Available data -
● ● ●

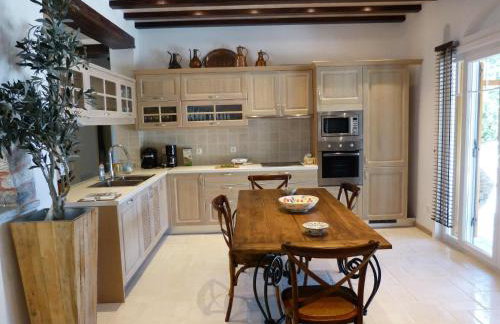 Skopelos luxurious villa "Aloupi" - Foto 28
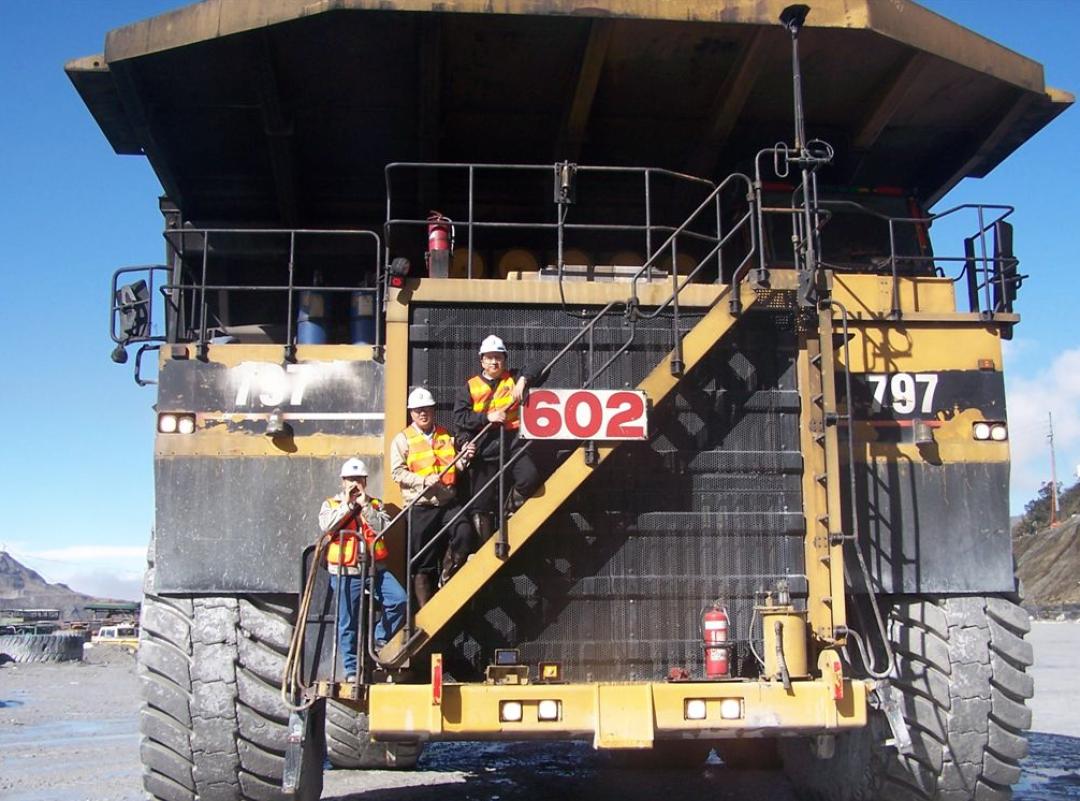 Dây chuyền lắp ghép xe chỉ mất 5 phút, nhưng chuẩn bị hệ sinh thái đi kèm mất tới 9 tháng: Nước đi đáng sợ của xe tải điện Trung Quốc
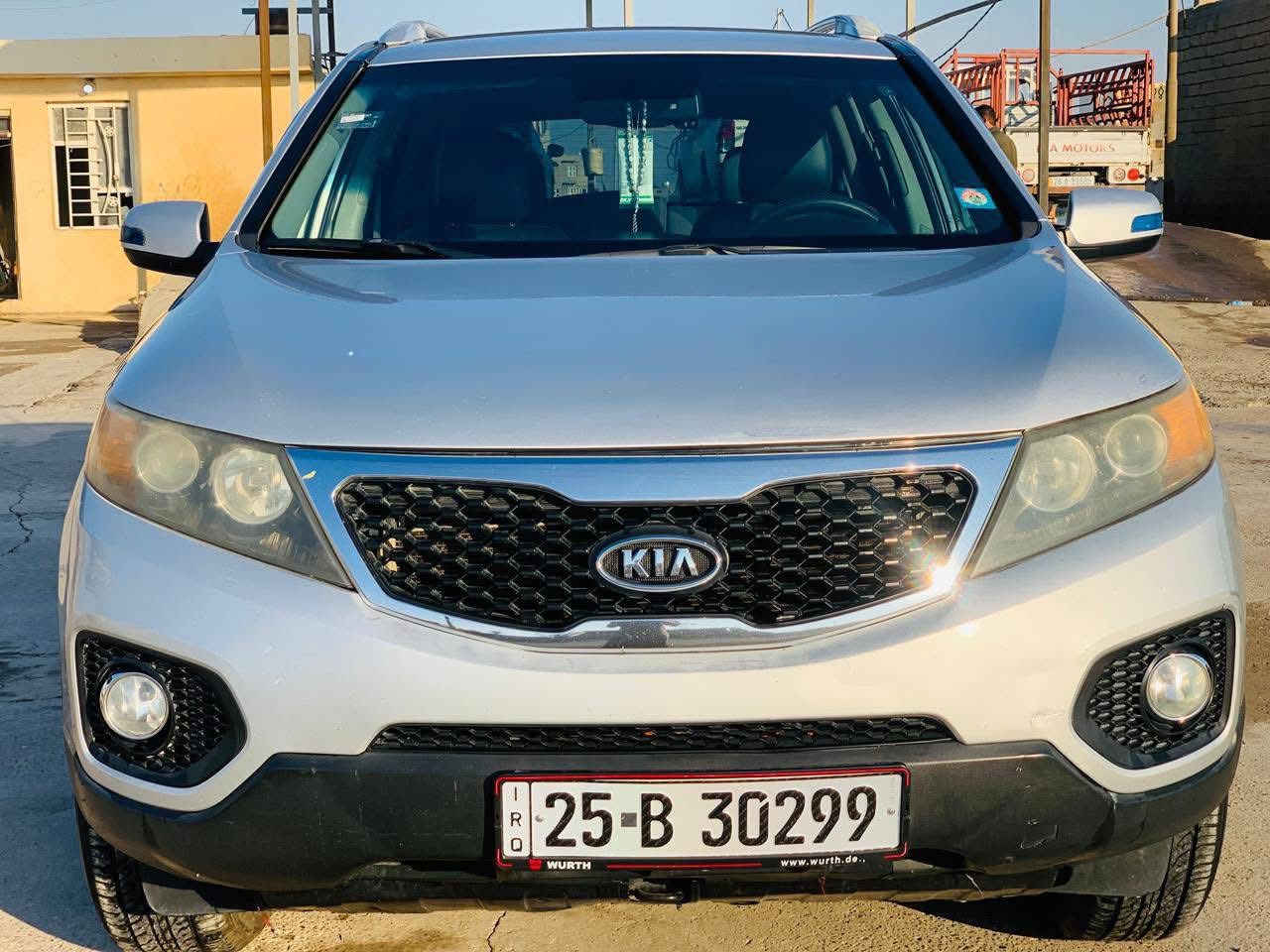 السلام عليكم سورنتو موديل 2011 للبيع محرك 4 سلندر 2400 كير محرك صدر تواير كلها شرط السياره بيها طخه خفيفه بالجاملغ الخلفي ومصبوغ وجاملغ امامي مبدل بدون دواخل شرط سنويه ل26 شرط التحويل رقم كركوك دولي صاحبها يمي  السعر 130 وبي مجال للأتصال *********** مكان السياره الشرقاط الحوريه البيع فقط نقد واذا مراوس يرهم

● ● ●

What this task involves -
Copy out all the data above exactly, minus the images.

Answer -
 Skopelos luxurious villa "Aloupi" - Foto 28
 Dây chuyền lắp ghép xe chỉ mất 5 phút, nhưng chuẩn bị hệ sinh thái đi kèm mất tới 9 tháng: Nước đi đáng sợ của xe tải điện Trung Quốc
 السلام عليكم سورنتو موديل 2011 للبيع محرك 4 سلندر 2400 كير محرك صدر تواير كلها شرط السياره بيها طخه خفيفه بالجاملغ الخلفي ومصبوغ وجاملغ امامي مبدل بدون دواخل شرط سنويه ل26 شرط التحويل رقم كركوك دولي صاحبها يمي  السعر 130 وبي مجال للأتصال *********** مكان السياره الشرقاط الحوريه البيع فقط نقد واذا مراوس يرهم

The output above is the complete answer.